As anyone who has observed the discarded beer cans after a weekend of youthful exuberance knows, those college kids are thirsting for more than book-learning. But don’t let a little detail like nightly noisy campus parties going strong at 1 a.m. deter you from living on the perimeter of a campus.
Those same real estate hucksters dreamed up a similar fantasy for land-rich, cash poor colleges looking for ways to spin hay fields into goldmines. Indeed, in the midst of the housing bubble, a new industry grew up, one in which a corporation had two branches, the first made up of impartial consultants who for a significant fee would conduct a market survey to see what interest was out there amongst the 55+ set for selling the family home and moving into new campus-side digs. The second arm of the corporation was—I see you are ahead of me here—developers of said digs.
More than one board of trustees grew intoxicated by market surveys that indicated Buster and Barbara Boomer’s eagerness to surround themselves with other on-the-go seniors and set up housekeeping in hastily constructed, densely populated condominium “communities.” More than one board of trustees was eager to unleash on their campuses a pride of cougars and a pack of horn dogs, if it meant that these marauding species kept the wolf from the college door.
Some of the more fatuous trustees were even coaxed into believing that such high-density housing, plunked down in a rural setting, was far kinder to the land than, say, a handful of single-family residences designed to preserve the bucolic, gentleman-farmer spirit of the neighborhood. But no, many a board bought hook, line and sinker the developer’s assurance that quick cash from a land-lease agreement and a continuing cash crop of rental payments was a green investment for all concerned.
That many of these developments are now stalled due to the caprices of the real estate market is a blessing in disguise for boomers and colleges alike. Maybe each will come to their senses, and realize that grown-ups (no matter how fervently they reject the nomenclature) and college students (of the pricy residential college variety) do not mix. They do not have the same intellectual interests. They do not have the same capacity for self-discovery. And they most emphatically do not have the same taste in adult beverages.
But, I digress.
I admit that I am a boomer who lives across the street from a college; in fact, I once sold the school some of my acreage so that it could expand its developable holdings. But I held on to enough of my land so that there is a comfortable buffer between me and the undergraduates.
No buffer, though, can insulate a resident of an academic company town from the hi-jinks of its governing bodies. In a community such as mine, town meetings come to resemble nothing so much as faculty meetings on steroids. They are not for the faint of heart, and if you attend one, better be packing your Robert’s Rules along with the No-Doze.
Town meeting time only rolls around once a year, though, and in between times the “select board” keeps my town safe from the dangers that lurk outside the comforting, cocooning certainty of its intellectual and moral superiority.
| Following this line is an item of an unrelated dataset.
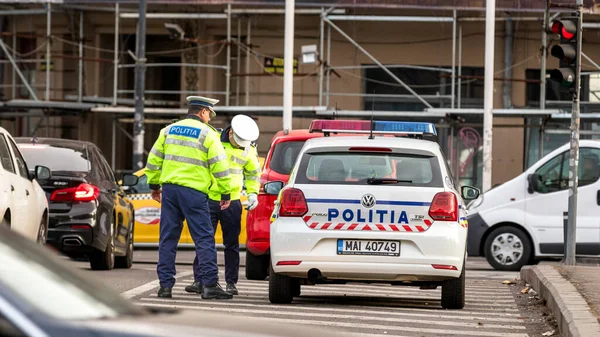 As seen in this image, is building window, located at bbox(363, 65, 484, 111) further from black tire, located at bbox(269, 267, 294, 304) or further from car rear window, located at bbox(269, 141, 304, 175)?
black tire, located at bbox(269, 267, 294, 304)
In fact, back in the 1980’s when declaring this, that, and the other “nuclear-free zones” was all the rage, my town was among the first to jump on the bandwagon but presciently added a “reality-free” amendment to its no-nukes resolution.
I cannot tell you how well that humble amendment has served my town. Under its sheltering auspices we’ve been able to cancel high school performances of Leonard Bernstein’s ferociously racist musical West Side Story, roll out the welcome mat for sprung denizens of Guantanamo, direct the federal government to reduce military spending, impeach George Bush, and, most recently, ban town employees and representatives from conducting business with or traveling to entities and locations in Arizona.
The Arizona boycott also urges citizens and businesses within my town to do likewise. To comply with this suggestion, for the colleges and university that call my town home, this means true sacrifice: they will have to return donations from alumni who live in Arizona and cease asking them for additional gifts. The schools will not be able to send admissions recruiters to Arizona (a great place to find applicants who will beef up the institution’s diversity profile) or accept tuition dollars from current students who have the bad luck to be permanent residents of the state.
I’m sure these fine institutions of higher learning will find a way to cope with the loss of income. Maybe start charging a fee or two for all of those town-gown activities that give university towns such a great quality of life. Perhaps reduce the custodial staff that picks up the beer cans after a long night of parties. Maybe let the grass on the quad go uncut a little longer. Maybe decide not to make the payment in lieu of taxes that would otherwise have helped the town buy a new fire engine. Maybe even lease more land, this time to a strip-mall developer. The possibilities are endless!
So, all of you “active seniors” out there contemplating a move to Collegetown, USA: caveat emptor.